Segment Start: Raw data
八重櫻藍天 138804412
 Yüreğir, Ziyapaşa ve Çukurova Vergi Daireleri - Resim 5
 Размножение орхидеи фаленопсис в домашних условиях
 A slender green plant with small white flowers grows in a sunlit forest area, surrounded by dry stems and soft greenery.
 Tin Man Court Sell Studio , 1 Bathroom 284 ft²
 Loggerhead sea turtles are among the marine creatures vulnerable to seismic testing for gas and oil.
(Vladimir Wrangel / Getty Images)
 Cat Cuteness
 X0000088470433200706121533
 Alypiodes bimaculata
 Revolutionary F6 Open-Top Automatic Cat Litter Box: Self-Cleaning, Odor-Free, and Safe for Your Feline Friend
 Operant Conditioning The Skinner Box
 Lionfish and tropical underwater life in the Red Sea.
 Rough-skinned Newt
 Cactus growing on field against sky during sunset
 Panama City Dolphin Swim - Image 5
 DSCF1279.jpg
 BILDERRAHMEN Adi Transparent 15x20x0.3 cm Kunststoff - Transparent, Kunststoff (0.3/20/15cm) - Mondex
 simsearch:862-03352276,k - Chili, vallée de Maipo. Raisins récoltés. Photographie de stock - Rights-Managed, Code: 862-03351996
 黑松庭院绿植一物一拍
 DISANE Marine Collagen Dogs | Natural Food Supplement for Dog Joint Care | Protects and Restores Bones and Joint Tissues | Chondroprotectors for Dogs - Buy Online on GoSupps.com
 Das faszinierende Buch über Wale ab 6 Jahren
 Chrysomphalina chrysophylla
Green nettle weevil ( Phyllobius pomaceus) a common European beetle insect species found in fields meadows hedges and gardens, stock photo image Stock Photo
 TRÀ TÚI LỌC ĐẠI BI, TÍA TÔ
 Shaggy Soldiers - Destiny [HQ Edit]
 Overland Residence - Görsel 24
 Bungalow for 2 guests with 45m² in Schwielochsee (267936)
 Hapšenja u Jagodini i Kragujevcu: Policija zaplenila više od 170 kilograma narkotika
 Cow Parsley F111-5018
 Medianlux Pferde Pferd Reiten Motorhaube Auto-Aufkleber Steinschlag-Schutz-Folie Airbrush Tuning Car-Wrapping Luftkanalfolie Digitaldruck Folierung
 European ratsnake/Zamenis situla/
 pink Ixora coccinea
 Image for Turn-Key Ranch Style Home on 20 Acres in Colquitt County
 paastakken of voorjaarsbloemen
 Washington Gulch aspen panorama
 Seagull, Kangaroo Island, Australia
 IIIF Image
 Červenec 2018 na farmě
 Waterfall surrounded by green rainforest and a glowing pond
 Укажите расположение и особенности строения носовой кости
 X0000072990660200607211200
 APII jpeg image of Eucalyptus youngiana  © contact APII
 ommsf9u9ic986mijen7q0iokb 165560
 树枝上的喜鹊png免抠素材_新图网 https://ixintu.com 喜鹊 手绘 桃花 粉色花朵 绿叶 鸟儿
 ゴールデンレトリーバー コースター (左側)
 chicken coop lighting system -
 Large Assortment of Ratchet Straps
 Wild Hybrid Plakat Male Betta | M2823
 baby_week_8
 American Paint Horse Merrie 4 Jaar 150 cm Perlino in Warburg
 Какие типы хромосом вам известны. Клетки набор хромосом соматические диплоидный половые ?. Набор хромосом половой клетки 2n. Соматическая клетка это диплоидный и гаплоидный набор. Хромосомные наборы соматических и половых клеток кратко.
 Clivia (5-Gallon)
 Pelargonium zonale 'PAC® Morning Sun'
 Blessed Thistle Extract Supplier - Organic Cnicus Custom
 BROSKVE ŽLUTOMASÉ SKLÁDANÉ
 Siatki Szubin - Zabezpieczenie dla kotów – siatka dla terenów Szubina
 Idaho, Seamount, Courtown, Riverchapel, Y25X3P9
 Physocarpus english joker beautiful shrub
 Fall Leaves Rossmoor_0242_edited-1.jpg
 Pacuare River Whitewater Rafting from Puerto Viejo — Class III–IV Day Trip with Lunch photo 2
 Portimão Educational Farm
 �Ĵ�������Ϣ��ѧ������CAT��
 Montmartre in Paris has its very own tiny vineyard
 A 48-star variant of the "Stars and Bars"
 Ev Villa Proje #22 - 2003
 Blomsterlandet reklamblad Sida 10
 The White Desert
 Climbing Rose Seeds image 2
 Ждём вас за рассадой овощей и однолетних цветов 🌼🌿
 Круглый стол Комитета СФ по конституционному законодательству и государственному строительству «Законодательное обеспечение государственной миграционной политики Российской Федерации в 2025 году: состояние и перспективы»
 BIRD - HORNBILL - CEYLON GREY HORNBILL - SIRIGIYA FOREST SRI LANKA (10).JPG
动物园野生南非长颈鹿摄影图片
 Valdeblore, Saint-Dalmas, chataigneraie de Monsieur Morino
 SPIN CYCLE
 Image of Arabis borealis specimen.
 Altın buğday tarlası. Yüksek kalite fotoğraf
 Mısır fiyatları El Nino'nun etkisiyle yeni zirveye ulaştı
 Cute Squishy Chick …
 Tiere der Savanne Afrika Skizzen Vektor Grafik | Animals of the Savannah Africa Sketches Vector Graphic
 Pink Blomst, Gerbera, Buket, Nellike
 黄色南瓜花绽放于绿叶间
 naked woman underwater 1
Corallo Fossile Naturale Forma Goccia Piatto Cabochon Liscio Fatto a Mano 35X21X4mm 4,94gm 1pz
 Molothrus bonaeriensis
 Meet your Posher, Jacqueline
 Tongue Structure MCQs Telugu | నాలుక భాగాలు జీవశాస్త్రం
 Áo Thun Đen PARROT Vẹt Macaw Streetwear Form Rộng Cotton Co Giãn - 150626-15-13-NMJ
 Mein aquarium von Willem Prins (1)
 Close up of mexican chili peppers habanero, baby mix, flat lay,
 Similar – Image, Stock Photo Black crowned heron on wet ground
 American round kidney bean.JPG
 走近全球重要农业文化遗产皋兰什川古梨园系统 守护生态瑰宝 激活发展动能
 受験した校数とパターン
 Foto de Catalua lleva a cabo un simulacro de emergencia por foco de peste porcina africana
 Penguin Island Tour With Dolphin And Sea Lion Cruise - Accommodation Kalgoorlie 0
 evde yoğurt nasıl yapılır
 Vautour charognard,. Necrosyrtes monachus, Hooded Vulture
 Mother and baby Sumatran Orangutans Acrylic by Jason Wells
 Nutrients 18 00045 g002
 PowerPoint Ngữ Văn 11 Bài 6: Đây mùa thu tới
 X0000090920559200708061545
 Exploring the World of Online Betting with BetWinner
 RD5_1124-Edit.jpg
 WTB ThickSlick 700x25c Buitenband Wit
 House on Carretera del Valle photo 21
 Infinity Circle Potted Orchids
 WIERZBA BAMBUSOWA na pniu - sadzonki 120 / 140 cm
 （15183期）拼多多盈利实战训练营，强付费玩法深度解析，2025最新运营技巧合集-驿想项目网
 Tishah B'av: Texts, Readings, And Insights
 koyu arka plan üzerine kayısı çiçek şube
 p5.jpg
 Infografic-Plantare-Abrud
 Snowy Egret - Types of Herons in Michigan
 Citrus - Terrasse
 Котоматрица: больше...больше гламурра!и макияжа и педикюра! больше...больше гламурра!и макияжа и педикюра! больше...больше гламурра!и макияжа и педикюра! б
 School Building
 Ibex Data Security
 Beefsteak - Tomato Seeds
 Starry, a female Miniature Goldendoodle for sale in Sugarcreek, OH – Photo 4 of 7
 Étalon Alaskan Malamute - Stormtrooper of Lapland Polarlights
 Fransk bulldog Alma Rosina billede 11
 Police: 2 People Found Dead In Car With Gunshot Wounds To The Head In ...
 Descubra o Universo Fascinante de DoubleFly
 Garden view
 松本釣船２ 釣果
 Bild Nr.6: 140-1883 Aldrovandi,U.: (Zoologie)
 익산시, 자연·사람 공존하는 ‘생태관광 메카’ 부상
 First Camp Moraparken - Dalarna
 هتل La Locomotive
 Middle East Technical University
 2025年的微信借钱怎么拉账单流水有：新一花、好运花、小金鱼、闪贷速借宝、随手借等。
Segment End: Raw data
Go to the line with "American round kidney bean.JPG" in the entries above and repeat every line from there through the line with "Snowy Egret - Types of Herons in Michigan", exactly and with no other text.

 American round kidney bean.JPG
 走近全球重要农业文化遗产皋兰什川古梨园系统 守护生态瑰宝 激活发展动能
 受験した校数とパターン
 Foto de Catalua lleva a cabo un simulacro de emergencia por foco de peste porcina africana
 Penguin Island Tour With Dolphin And Sea Lion Cruise - Accommodation Kalgoorlie 0
 evde yoğurt nasıl yapılır
 Vautour charognard,. Necrosyrtes monachus, Hooded Vulture
 Mother and baby Sumatran Orangutans Acrylic by Jason Wells
 Nutrients 18 00045 g002
 PowerPoint Ngữ Văn 11 Bài 6: Đây mùa thu tới
 X0000090920559200708061545
 Exploring the World of Online Betting with BetWinner
 RD5_1124-Edit.jpg
 WTB ThickSlick 700x25c Buitenband Wit
 House on Carretera del Valle photo 21
 Infinity Circle Potted Orchids
 WIERZBA BAMBUSOWA na pniu - sadzonki 120 / 140 cm
 （15183期）拼多多盈利实战训练营，强付费玩法深度解析，2025最新运营技巧合集-驿想项目网
 Tishah B'av: Texts, Readings, And Insights
 koyu arka plan üzerine kayısı çiçek şube
 p5.jpg
 Infografic-Plantare-Abrud
 Snowy Egret - Types of Herons in Michigan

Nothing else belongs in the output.